Problem requirements: All lines from the one containing "Skowhegan Violent Crime" through the last line of the listing should be given again exactly, with no pictures.

Dataset records:

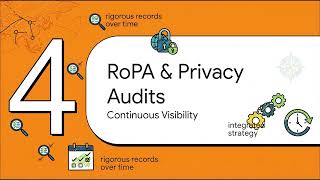 CIPP (Asia) - Section 16 - Developing an Integrated Pan-Asian Privacy Governance Strategy News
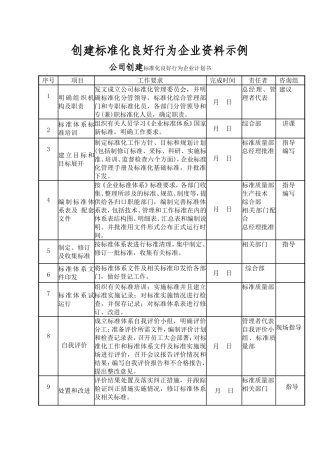 创建标准化良好行为企业资料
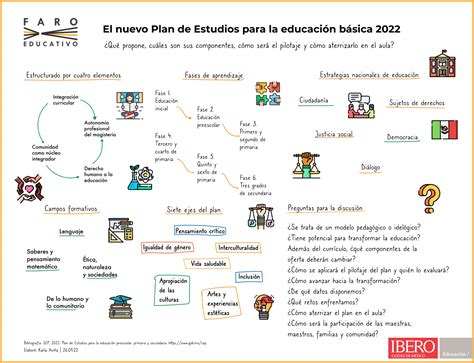 El Nuevo Plan De Estudios Para La Educación Básica 2022 Faro Educativo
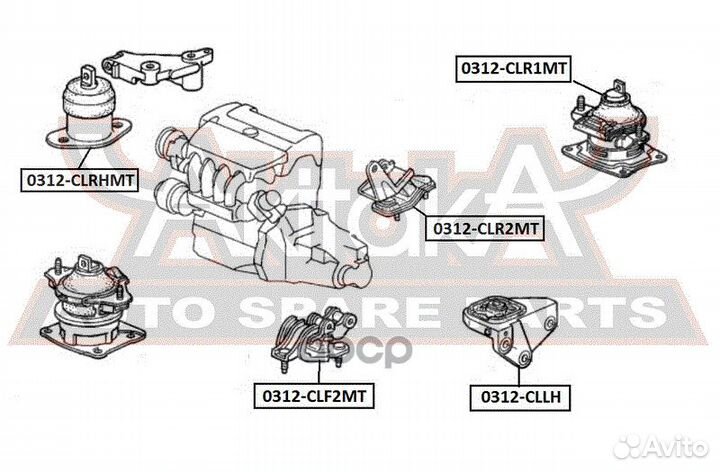 Подушка коробки передач мт перед прав/лев 0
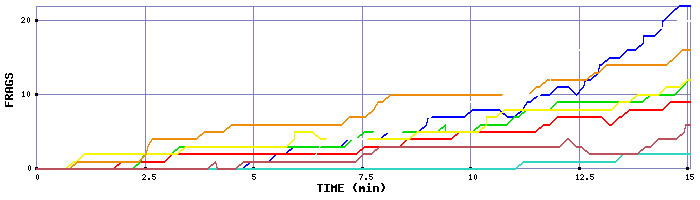 Frag Graph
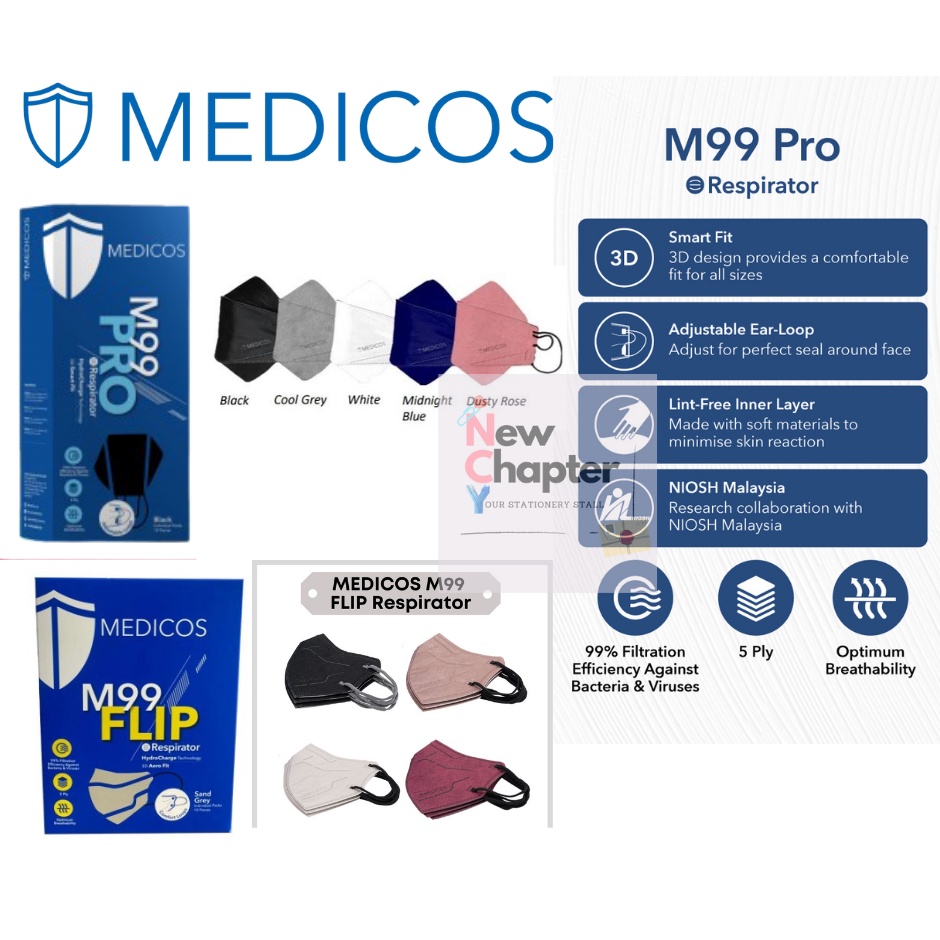 Medicos M99 Pro M99 Flip 5 Ply Individually Wrapped 3D Smart Fit ...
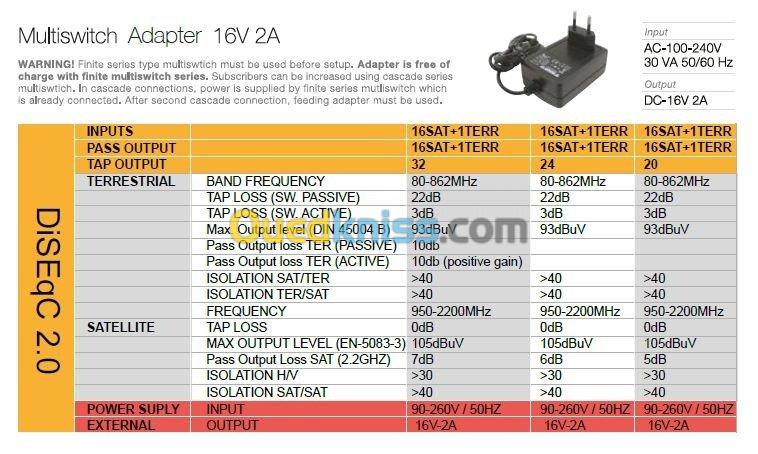 Multiswitch 17/32 C Bisat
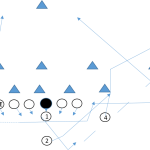 Receiver Stalk Blocking Drills and Techniques - Youth Football Online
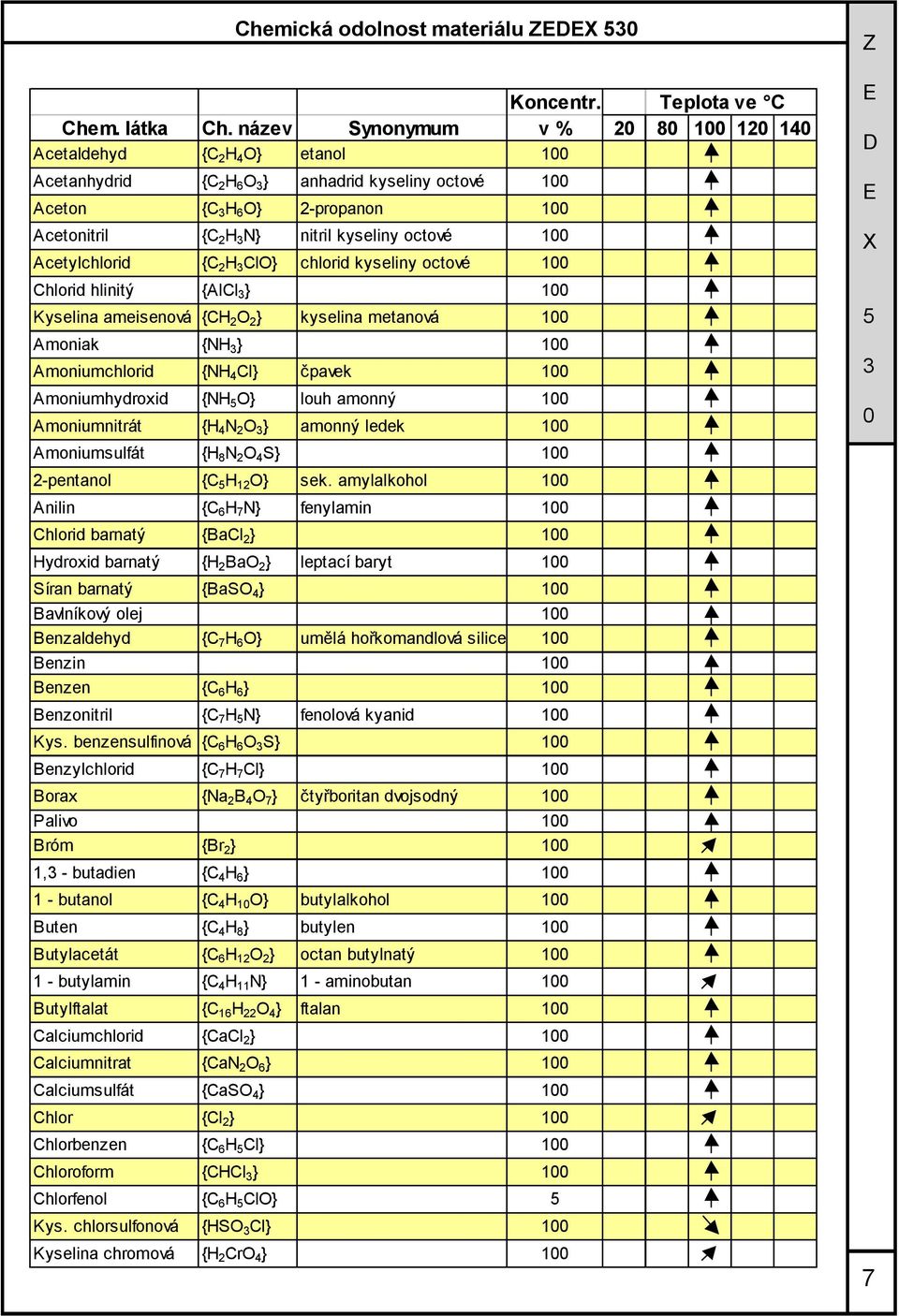 Acetylchlorid {C 2 H ClO} chlorid kyseliny octové 1 Chlorid hlinitý {AlCl } 1 Kyselina ameisenová {CH 2 O 2 } kyselina metanová 1 Amoniak {NH } 1 Amoniumchlorid {NH 4 Cl} čpavek 1 Amoniumhydroxid {NH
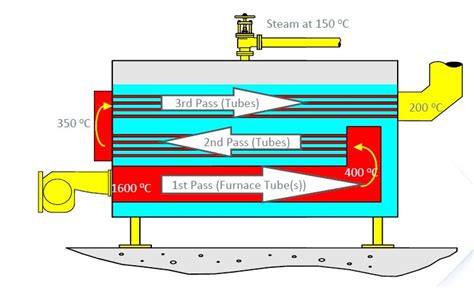 Working Principle of Boiler | PT INDIRA MITRA BOILER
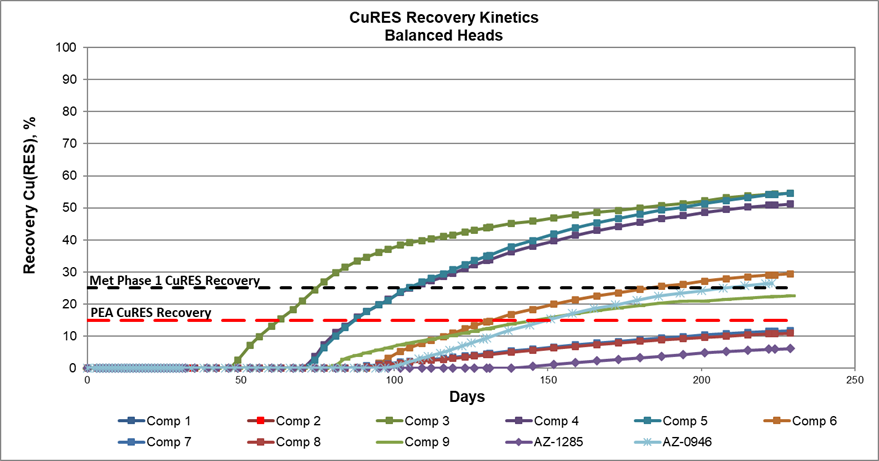 Figure 2 - Residual Copper Recovery Kinetics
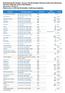 Wynik 1,2-dichloroetan (EDC) (A) PN-EN ISO 10301:2002 µg/l 3 <1 Akryloamid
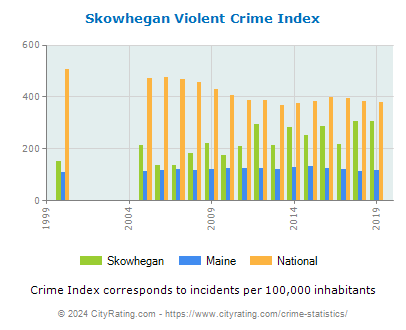 Skowhegan Violent Crime vs. State and National Per Capita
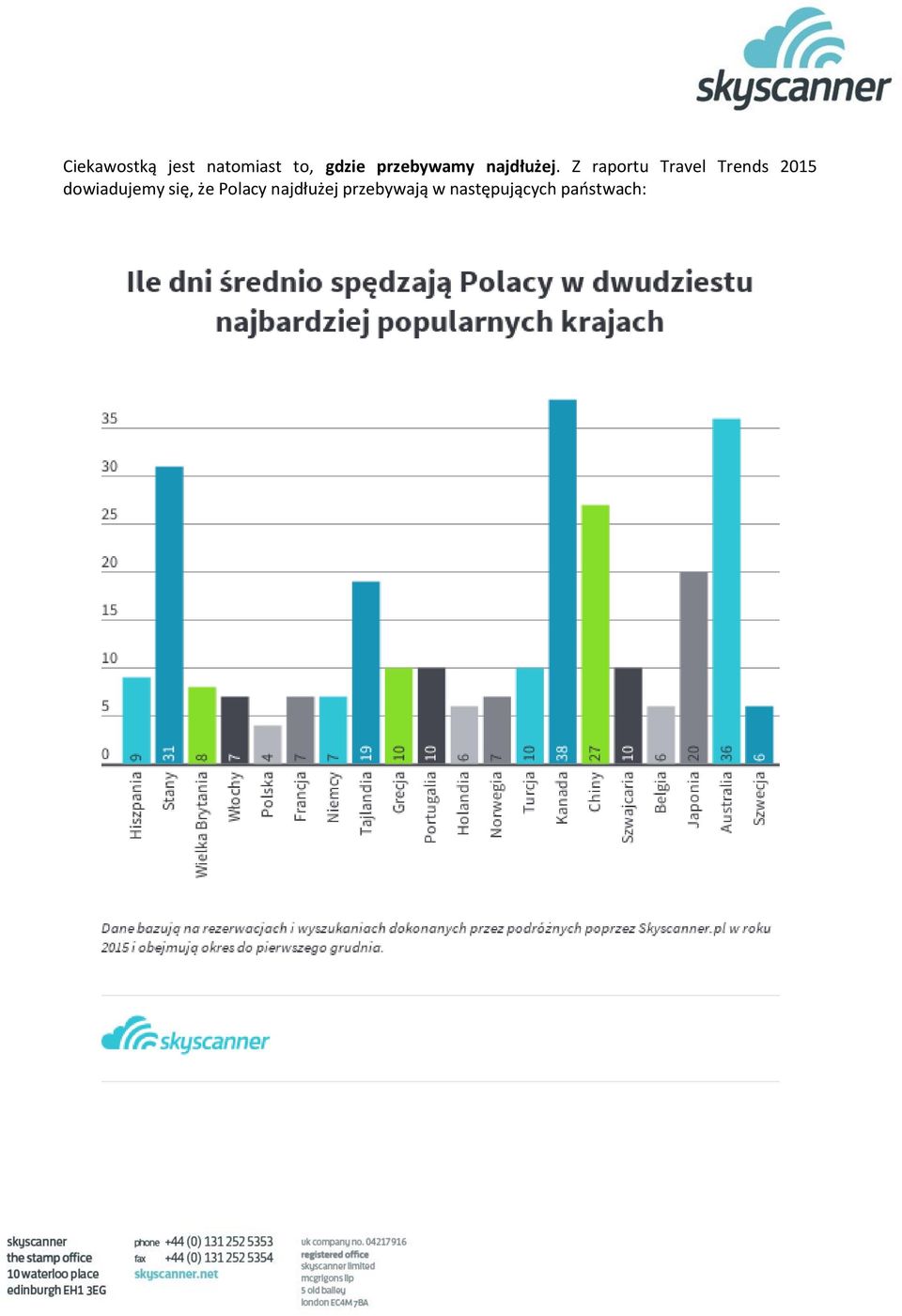 Z raportu Travel Trends 2015 dowiadujemy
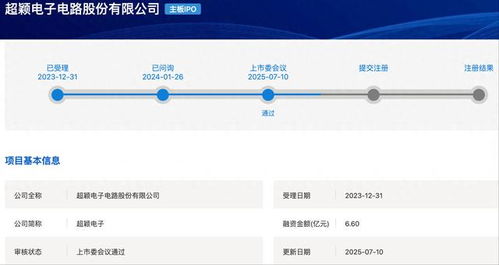 超穎電子滬主板IPO成功過會，擬募資6.6億元強化電子產品銷售業務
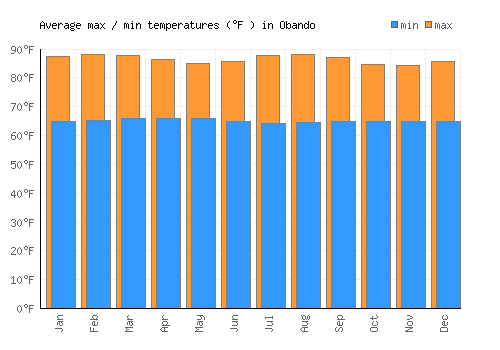 Obando average minimum / maximum temperatures (Fahrenheit)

Exercise response:
 Skowhegan Violent Crime vs. State and National Per Capita
 Z raportu Travel Trends 2015 dowiadujemy
 超穎電子滬主板IPO成功過會，擬募資6.6億元強化電子產品銷售業務
 Obando average minimum / maximum temperatures (Fahrenheit)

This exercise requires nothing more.